We need to challenge how autism is defined — as a set of behaviors and deficits – because this description leads us inexorably to “fixing” autistic people. Autism is a way that the brain takes in, processes, and responds to information. This way of processing results in variations in the way the world is experienced and the ways that learning, communication, and movement occur. Autistic people develop skills on a different timetable or in a different order than expected.
But autism also comes with a set of strengths – a deep passion for interests, the ability to recognize visual, musical, social, or emotional patterns, and a strong individuality. When we ignore autistic strengths, we ourselves become stuck on fixing autistic people, rather than building on their natural talents.
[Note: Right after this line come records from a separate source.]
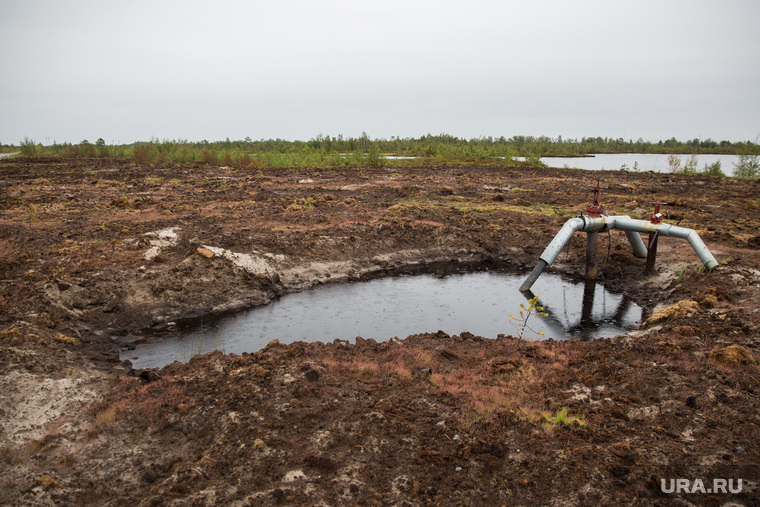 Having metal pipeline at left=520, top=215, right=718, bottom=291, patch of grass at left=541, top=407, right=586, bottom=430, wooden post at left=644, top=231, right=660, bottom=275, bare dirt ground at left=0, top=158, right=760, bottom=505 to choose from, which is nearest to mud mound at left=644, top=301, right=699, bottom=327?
bare dirt ground at left=0, top=158, right=760, bottom=505

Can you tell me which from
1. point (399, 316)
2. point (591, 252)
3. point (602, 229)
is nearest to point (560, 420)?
point (399, 316)

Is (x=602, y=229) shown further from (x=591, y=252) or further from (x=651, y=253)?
(x=651, y=253)

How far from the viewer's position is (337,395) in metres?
5.91

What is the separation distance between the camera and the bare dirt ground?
4.43 m

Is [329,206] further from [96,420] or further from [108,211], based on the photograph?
[96,420]

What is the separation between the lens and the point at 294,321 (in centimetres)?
1021

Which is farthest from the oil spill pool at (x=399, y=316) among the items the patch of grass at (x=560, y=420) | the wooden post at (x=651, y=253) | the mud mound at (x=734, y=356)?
the patch of grass at (x=560, y=420)

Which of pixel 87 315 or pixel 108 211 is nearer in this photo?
pixel 87 315

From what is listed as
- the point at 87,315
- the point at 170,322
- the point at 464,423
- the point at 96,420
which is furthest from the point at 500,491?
the point at 87,315

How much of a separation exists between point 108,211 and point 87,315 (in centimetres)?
871

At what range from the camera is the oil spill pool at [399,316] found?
30.2 ft

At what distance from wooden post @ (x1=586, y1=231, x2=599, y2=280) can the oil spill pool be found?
34cm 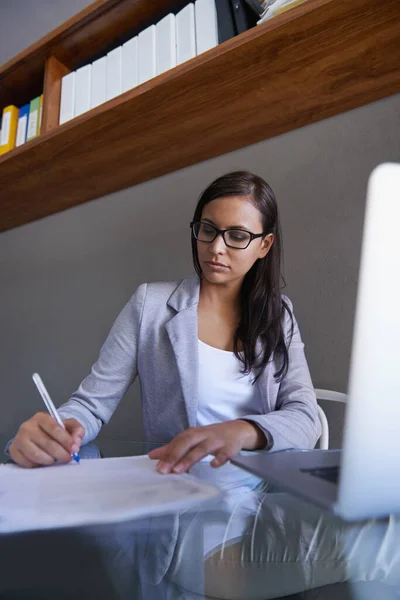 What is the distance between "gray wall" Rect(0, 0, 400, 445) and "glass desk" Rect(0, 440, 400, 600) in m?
0.92

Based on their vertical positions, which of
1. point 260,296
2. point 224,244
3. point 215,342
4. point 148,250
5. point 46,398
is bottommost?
point 46,398

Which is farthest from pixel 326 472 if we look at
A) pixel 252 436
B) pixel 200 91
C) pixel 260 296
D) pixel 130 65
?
pixel 130 65

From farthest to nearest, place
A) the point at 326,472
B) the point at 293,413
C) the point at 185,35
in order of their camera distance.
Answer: the point at 185,35, the point at 293,413, the point at 326,472

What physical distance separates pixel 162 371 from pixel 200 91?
2.66 ft

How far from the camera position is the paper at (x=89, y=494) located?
1.37ft

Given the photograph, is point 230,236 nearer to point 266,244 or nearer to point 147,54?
point 266,244

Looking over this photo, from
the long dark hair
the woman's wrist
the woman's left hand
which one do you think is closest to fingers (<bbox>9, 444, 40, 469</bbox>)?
the woman's left hand

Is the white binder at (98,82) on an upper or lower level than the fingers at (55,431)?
upper

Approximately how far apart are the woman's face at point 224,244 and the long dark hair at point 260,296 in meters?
0.03

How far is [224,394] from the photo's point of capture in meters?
1.14

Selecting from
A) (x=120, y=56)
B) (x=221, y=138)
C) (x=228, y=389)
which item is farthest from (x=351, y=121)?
(x=228, y=389)

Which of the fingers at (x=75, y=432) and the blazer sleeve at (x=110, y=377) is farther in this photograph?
the blazer sleeve at (x=110, y=377)

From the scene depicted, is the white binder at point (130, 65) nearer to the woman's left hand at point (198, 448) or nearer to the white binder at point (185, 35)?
the white binder at point (185, 35)

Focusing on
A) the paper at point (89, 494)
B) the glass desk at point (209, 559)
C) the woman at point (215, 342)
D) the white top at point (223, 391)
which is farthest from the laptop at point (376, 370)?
the white top at point (223, 391) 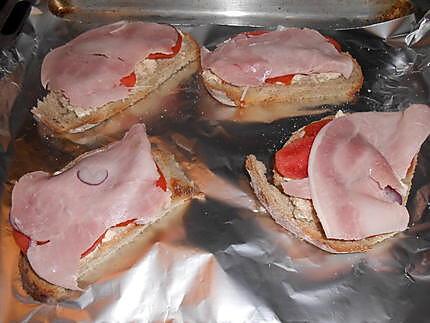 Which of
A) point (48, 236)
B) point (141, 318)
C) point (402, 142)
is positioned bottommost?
point (141, 318)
We need to challenge how autism is portrayed in the media. Using fear, sadness, and pity to generate donations devalues autistic lives and terrorizes parents. Imagine never seeing a positive image of yourself or your child in the media. Imagine always being seen as an object of pity. The negative portrayal of autistic people and their families sends the message that their lives are joyless, worthless, and powerless. Instead of this unrelenting image of fear, we need to hear more stories of real autistic people’s lives – their joys, successes, and what helps them thrive.
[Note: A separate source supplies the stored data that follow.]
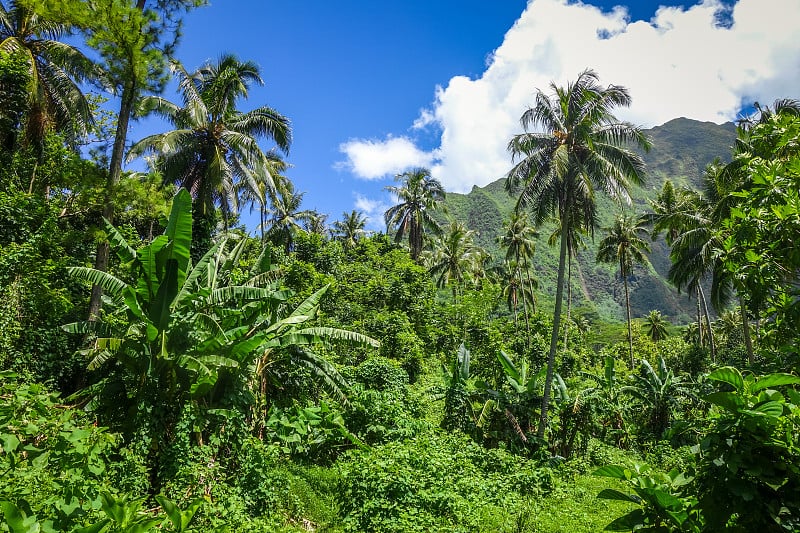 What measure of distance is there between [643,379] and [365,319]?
11.6 m

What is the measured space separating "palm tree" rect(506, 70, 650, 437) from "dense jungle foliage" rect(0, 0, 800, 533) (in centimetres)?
8

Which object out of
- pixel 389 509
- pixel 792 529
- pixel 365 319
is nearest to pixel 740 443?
pixel 792 529

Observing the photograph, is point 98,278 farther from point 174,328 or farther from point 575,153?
point 575,153

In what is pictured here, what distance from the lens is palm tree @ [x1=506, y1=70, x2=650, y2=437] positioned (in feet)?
48.5

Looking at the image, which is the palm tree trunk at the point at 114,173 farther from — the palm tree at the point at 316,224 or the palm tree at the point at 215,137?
the palm tree at the point at 316,224

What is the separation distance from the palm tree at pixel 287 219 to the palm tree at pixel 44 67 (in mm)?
14806

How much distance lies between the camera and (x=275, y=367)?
12.0m

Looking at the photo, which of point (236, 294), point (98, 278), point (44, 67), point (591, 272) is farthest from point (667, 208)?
point (591, 272)

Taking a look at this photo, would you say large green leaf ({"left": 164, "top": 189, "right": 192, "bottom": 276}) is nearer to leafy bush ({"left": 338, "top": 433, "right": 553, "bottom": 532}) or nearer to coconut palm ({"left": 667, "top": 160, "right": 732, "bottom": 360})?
leafy bush ({"left": 338, "top": 433, "right": 553, "bottom": 532})

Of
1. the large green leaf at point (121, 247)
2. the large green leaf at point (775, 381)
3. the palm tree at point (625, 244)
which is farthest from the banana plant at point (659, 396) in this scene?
the large green leaf at point (121, 247)

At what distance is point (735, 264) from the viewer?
18.5ft

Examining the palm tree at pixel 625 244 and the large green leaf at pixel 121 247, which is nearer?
the large green leaf at pixel 121 247

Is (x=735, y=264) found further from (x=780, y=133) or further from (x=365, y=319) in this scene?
(x=365, y=319)

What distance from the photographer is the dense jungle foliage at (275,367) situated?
4.02 metres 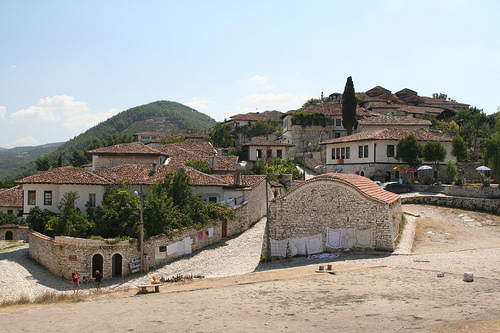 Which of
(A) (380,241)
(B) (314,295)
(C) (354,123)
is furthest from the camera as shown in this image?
(C) (354,123)

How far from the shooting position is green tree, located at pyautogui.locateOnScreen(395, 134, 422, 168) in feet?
126

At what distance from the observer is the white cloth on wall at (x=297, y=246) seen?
23.2 metres

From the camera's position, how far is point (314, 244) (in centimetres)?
2292

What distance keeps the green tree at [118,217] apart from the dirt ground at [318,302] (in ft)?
20.8

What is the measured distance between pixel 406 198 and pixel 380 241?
13310 mm

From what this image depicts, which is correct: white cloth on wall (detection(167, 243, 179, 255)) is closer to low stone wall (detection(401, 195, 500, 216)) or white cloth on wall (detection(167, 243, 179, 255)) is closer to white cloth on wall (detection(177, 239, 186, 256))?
white cloth on wall (detection(177, 239, 186, 256))

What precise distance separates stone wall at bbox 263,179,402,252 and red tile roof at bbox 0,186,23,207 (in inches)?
1198

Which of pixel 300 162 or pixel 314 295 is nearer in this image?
pixel 314 295

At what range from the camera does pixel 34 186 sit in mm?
31688

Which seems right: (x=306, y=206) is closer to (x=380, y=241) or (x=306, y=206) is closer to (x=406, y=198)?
(x=380, y=241)

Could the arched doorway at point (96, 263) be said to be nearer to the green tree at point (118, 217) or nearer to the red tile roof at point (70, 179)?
the green tree at point (118, 217)

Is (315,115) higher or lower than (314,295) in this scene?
higher

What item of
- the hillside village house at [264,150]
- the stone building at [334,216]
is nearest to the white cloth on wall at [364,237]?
the stone building at [334,216]

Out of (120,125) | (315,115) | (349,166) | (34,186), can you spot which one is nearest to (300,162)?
(315,115)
We need to question the perception that disabled lives are pitiable. Our history and culture defines “normal” and anyone different is seen as less than. We are programmed to see those who are not white, male, and heterosexual, with certain physical and neurological characteristics, as not normal. This view explains why white skin is seen as the default and black skin is seen as different. It explains why women in business are told to think like men, and why any display of emotion is labeled a sign of weakness. It sends a message that anything different from “normal” is not good enough.
This is why I cried when I first learned that my son would have disabilities and be perceived as “different.” In that moment, my child’s potential was erased by my unconscious biases. Unknowingly, I had bought into the idea that anything other than a certain set of physical and neurological characteristics is a life of less than, a pitiful existence. What did that say about how I thought of as myself as a woman? What did that say about my relationships with black people? Gay people? About people with other disabilities? What did that say about my relationship to my own child? We need to challenge the belief that difference is less than. Our ideas about what is “normal” need to change.
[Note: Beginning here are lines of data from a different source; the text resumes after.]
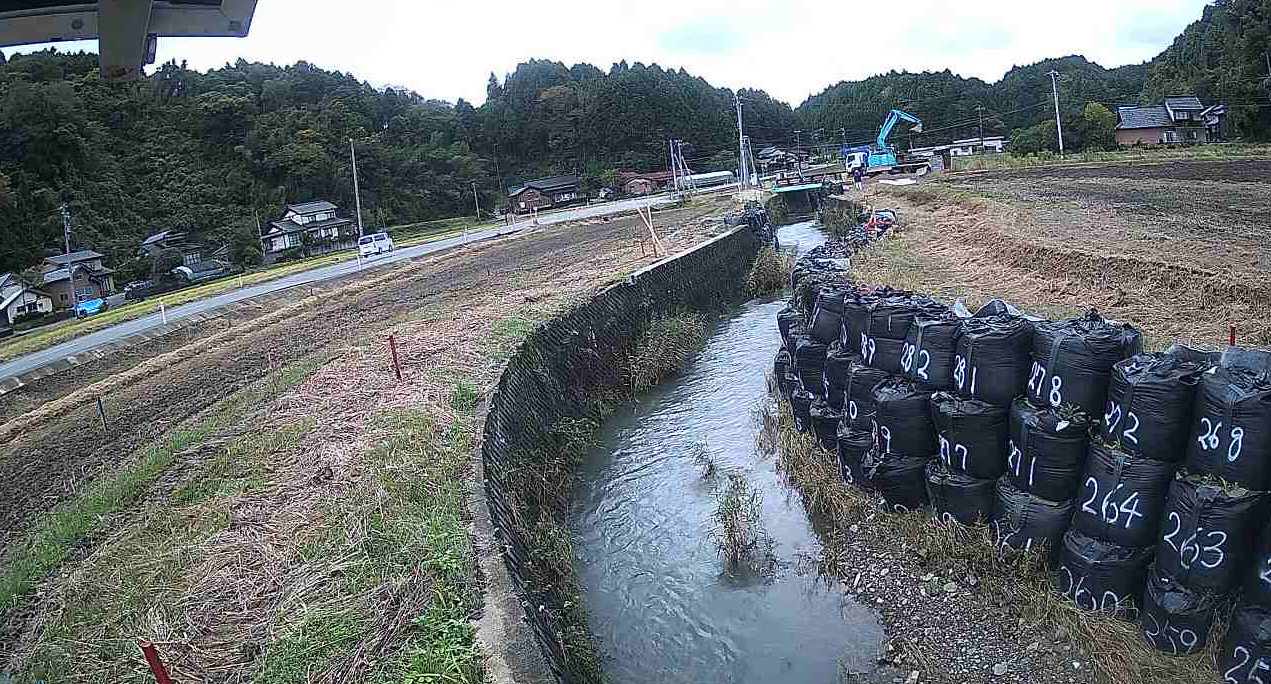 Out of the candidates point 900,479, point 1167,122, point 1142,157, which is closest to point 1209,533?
point 900,479

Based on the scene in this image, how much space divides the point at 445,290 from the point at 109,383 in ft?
24.2

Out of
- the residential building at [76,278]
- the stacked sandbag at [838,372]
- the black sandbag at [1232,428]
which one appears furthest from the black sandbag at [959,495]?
the residential building at [76,278]

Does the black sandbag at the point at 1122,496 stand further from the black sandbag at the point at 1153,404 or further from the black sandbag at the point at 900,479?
the black sandbag at the point at 900,479

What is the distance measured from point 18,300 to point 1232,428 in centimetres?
3431

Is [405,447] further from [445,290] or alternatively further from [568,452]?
[445,290]

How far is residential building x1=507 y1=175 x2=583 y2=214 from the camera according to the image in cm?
6025

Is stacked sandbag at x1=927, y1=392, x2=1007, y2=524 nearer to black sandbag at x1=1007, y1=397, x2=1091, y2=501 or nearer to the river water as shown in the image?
black sandbag at x1=1007, y1=397, x2=1091, y2=501

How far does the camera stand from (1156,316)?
849cm

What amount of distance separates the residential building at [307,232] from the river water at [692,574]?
32.6m

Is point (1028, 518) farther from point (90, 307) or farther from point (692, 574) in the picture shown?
point (90, 307)

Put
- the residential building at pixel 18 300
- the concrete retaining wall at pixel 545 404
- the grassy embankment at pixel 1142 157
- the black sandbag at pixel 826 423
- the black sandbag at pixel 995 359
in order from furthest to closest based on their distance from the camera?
the residential building at pixel 18 300, the grassy embankment at pixel 1142 157, the black sandbag at pixel 826 423, the black sandbag at pixel 995 359, the concrete retaining wall at pixel 545 404

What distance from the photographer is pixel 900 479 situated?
252 inches

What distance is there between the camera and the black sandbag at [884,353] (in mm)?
6602

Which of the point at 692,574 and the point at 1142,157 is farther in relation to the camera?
the point at 1142,157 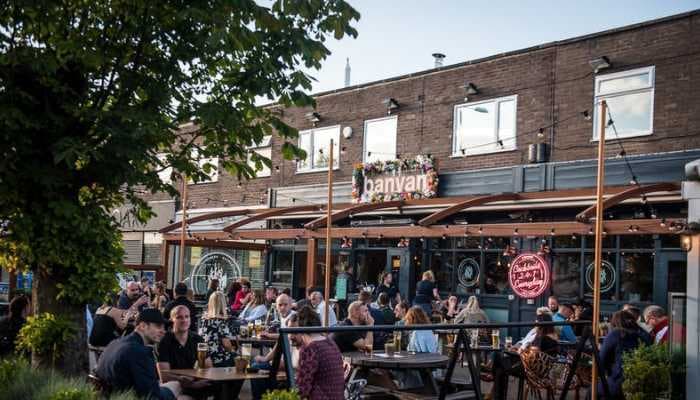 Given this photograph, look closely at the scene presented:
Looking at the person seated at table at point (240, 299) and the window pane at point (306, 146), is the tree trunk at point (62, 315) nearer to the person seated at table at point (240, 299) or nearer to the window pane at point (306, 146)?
the person seated at table at point (240, 299)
We need to examine our response to autism. When we start with the incorrect premise that autistic people don’t understand or misbehave, we end up with behavioral programs directed at training them to act in “normal” ways. By recognizing that they already communicate and understand, we can identify the obstacles that make it difficult for them. We can move from trying to fix the person to giving them the supports they need. These supports include sensory-friendly environments, devices to assist communication, acceptance of moving around and stimming, and methods of learning that come most naturally to them. Creating supports like this are like building ramps for autistic people, instead of forcing them to climb stairs that exhaust and exclude them.
The Grand Lesson
After my child was diagnosed with autism, the grand lesson finally got through to me. Life isn’t about finding sets of rules. It’s about seeing my own child, other people’s children, and other adults behaving in ways that I didn’t expect, and then challenging my own prejudices and reactions. It’s about learning to broaden our narrow perceptions of normal, thinking carefully about what we mean when we say “different,” and how we define happiness.